* **Problem to work on**
Below are records with pictures; copy word for word only the lines between the line with "Abbildung von Clairefontaine" and the line with "Men's Fantastic Four", inclusive, and drop the pictures.

* **Entries shown**
####################

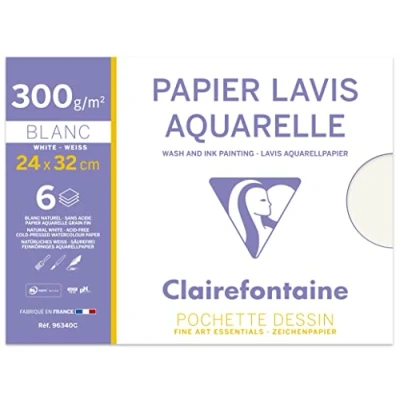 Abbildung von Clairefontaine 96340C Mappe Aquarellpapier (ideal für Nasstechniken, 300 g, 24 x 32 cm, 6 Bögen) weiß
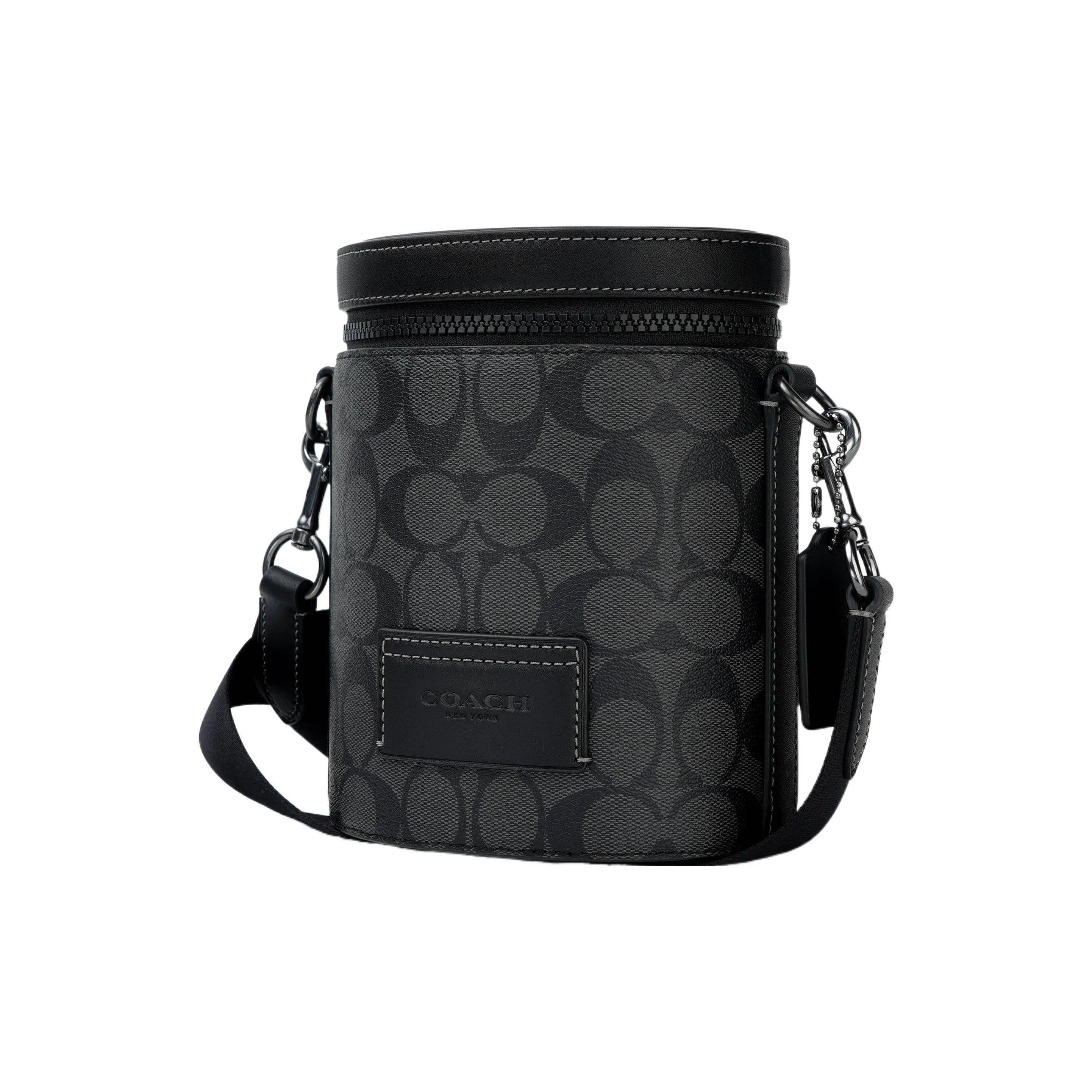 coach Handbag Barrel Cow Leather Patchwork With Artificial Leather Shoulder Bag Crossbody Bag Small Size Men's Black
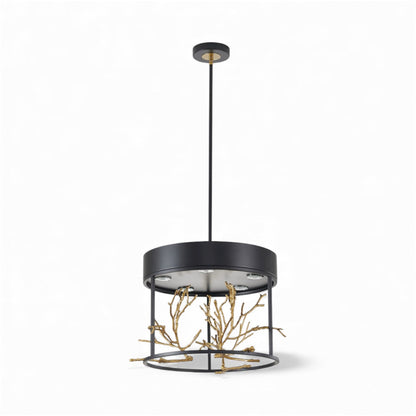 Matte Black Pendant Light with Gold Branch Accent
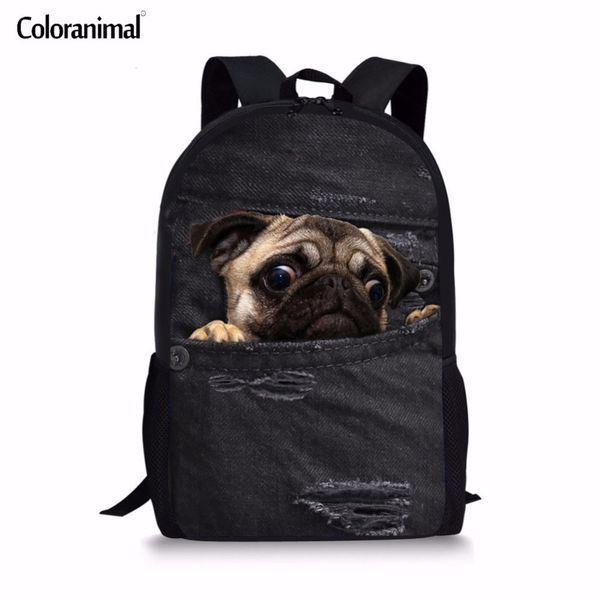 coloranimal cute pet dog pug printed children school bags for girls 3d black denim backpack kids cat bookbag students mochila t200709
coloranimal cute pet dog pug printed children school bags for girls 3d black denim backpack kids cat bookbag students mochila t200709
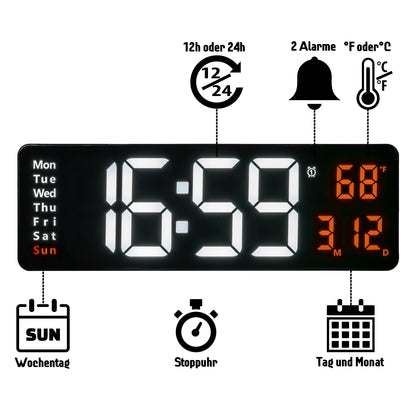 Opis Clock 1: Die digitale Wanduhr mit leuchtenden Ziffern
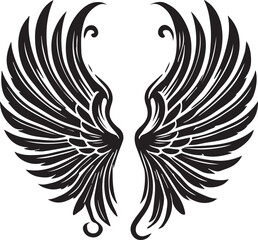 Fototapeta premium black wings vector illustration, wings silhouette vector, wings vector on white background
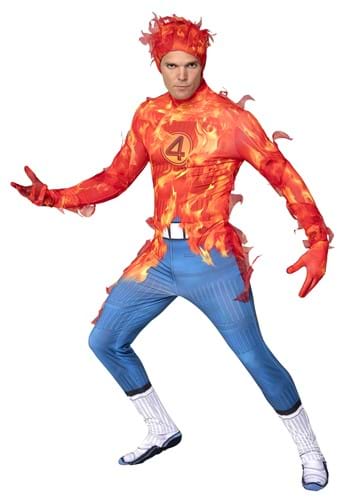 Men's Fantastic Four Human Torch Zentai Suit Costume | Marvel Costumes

####################

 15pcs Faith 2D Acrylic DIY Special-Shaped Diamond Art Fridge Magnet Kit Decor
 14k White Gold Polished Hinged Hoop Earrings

####################

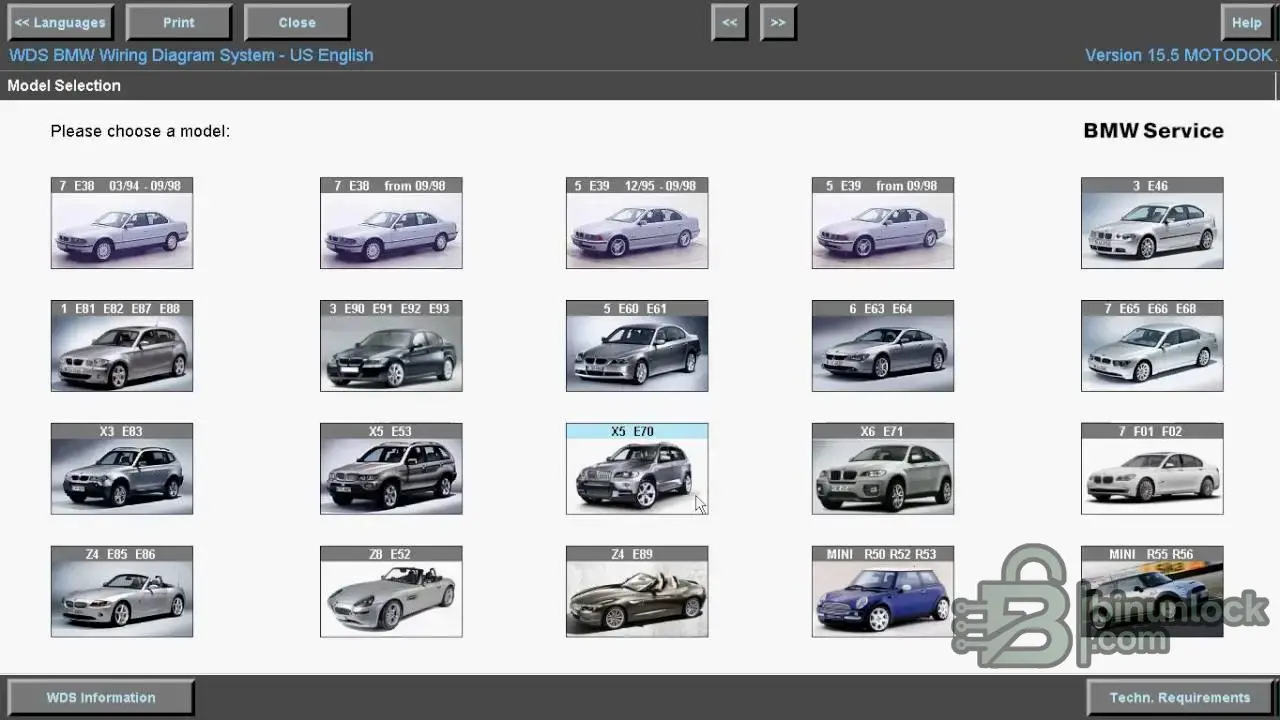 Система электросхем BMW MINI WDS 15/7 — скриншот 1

####################

* **Solution to this exercise**
 Abbildung von Clairefontaine 96340C Mappe Aquarellpapier (ideal für Nasstechniken, 300 g, 24 x 32 cm, 6 Bögen) weiß
 coach Handbag Barrel Cow Leather Patchwork With Artificial Leather Shoulder Bag Crossbody Bag Small Size Men's Black
 Matte Black Pendant Light with Gold Branch Accent
 coloranimal cute pet dog pug printed children school bags for girls 3d black denim backpack kids cat bookbag students mochila t200709
coloranimal cute pet dog pug printed children school bags for girls 3d black denim backpack kids cat bookbag students mochila t200709
 Opis Clock 1: Die digitale Wanduhr mit leuchtenden Ziffern
 Fototapeta premium black wings vector illustration, wings silhouette vector, wings vector on white background
 Men's Fantastic Four Human Torch Zentai Suit Costume | Marvel Costumes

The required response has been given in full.